=== Task material ===
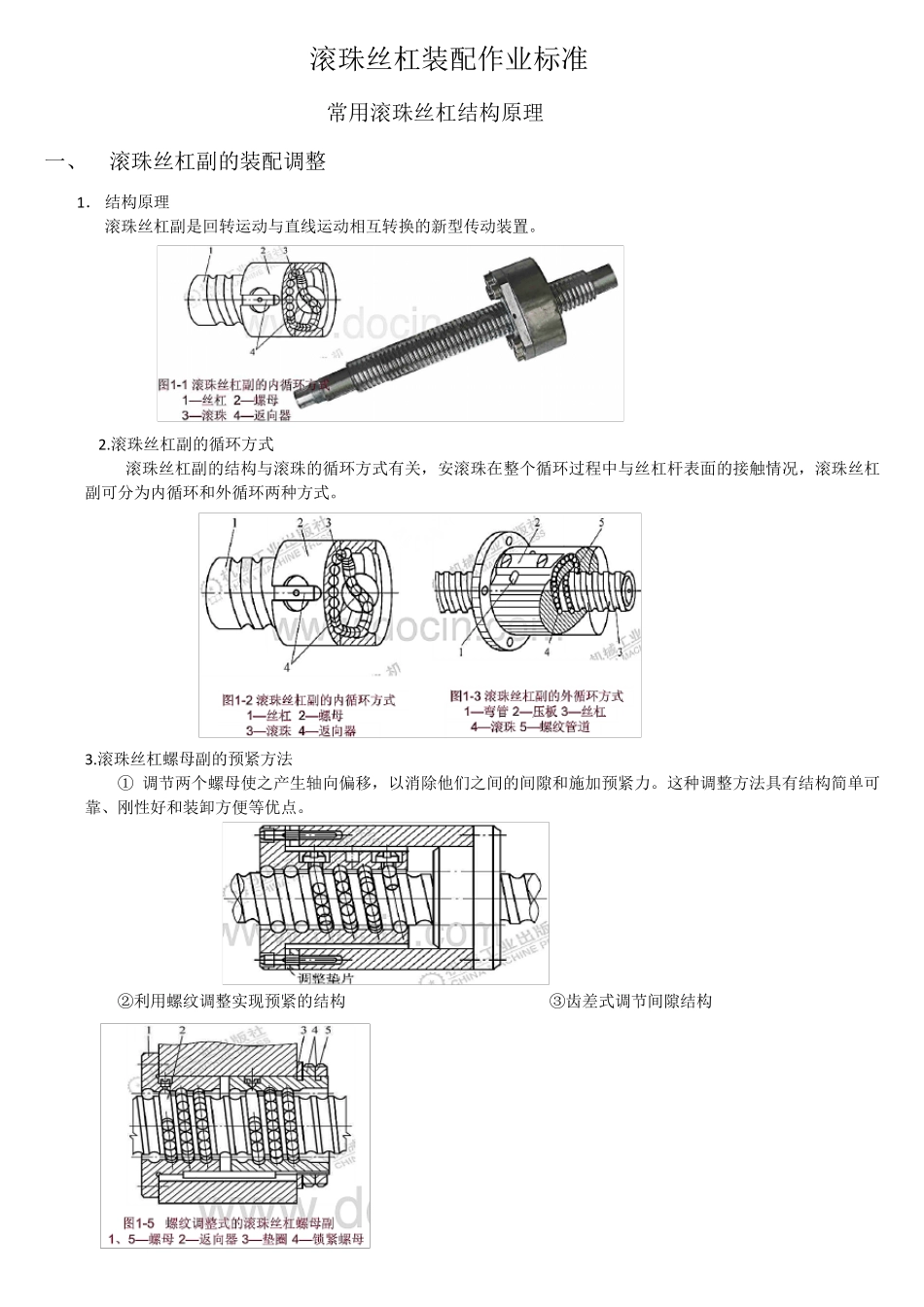 滚珠丝杆装配作业标准_第1页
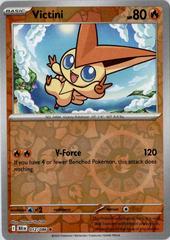 Victini 12/86 Reverse Holo | Black Bolt | Pokemon Card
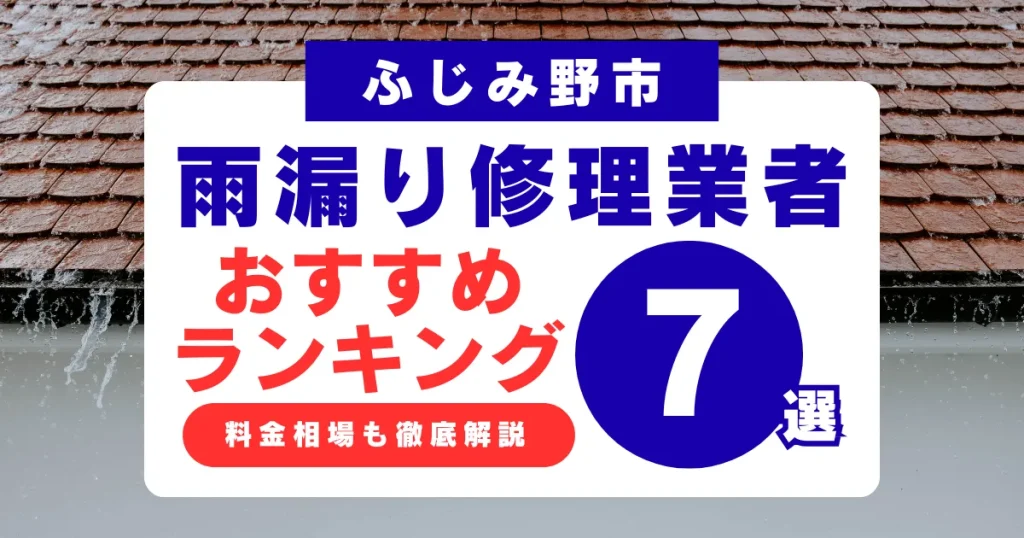 ふじみ野市でおすすめの雨漏り修理業者7選!業者選び・料金相場まで徹底解説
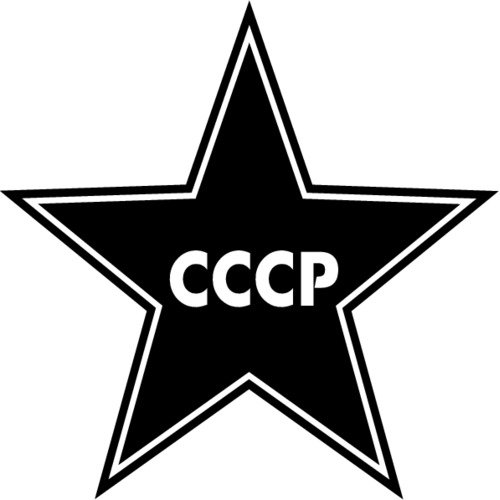 Иконки в Советском стиле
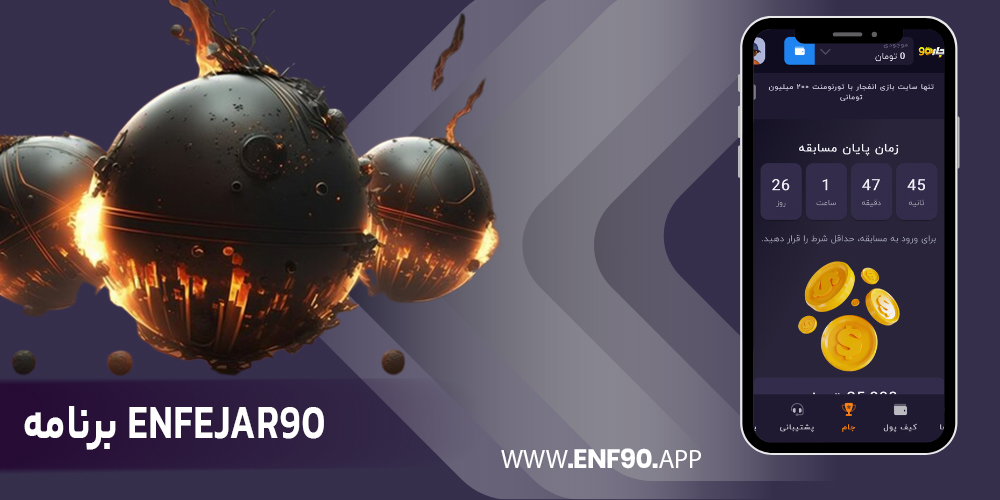 برنامه Enfejar90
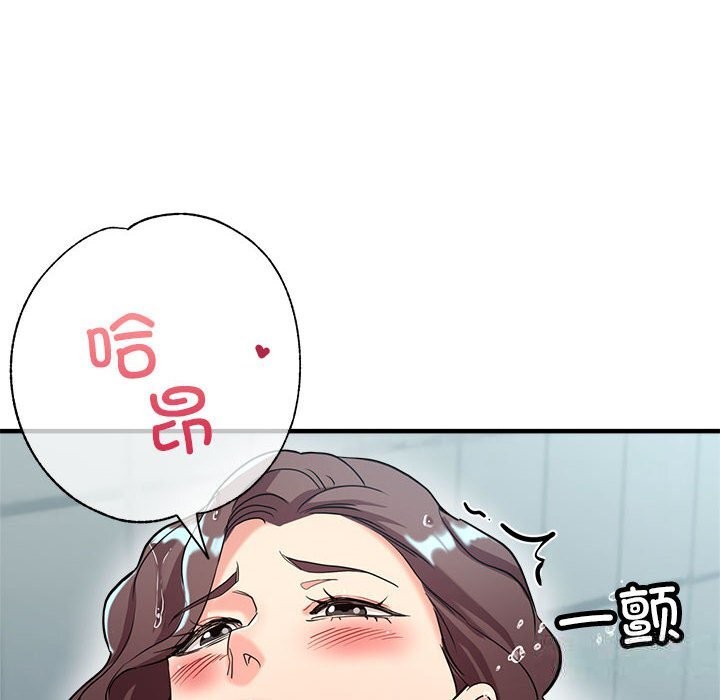 90P - 亲家的女人们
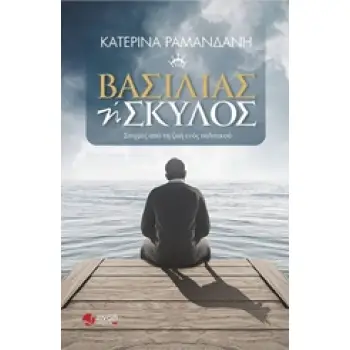 ΒΑΣΙΛΙΑΣ Η ΣΚΥΛΟΣ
===
* What you will do: Without including any pictures, print all of the material exactly as given.

* Solution to this problem:
 滚珠丝杆装配作业标准_第1页
 Victini 12/86 Reverse Holo | Black Bolt | Pokemon Card
 ふじみ野市でおすすめの雨漏り修理業者7選!業者選び・料金相場まで徹底解説
 Иконки в Советском стиле
 برنامه Enfejar90
 90P - 亲家的女人们
 ΒΑΣΙΛΙΑΣ Η ΣΚΥΛΟΣ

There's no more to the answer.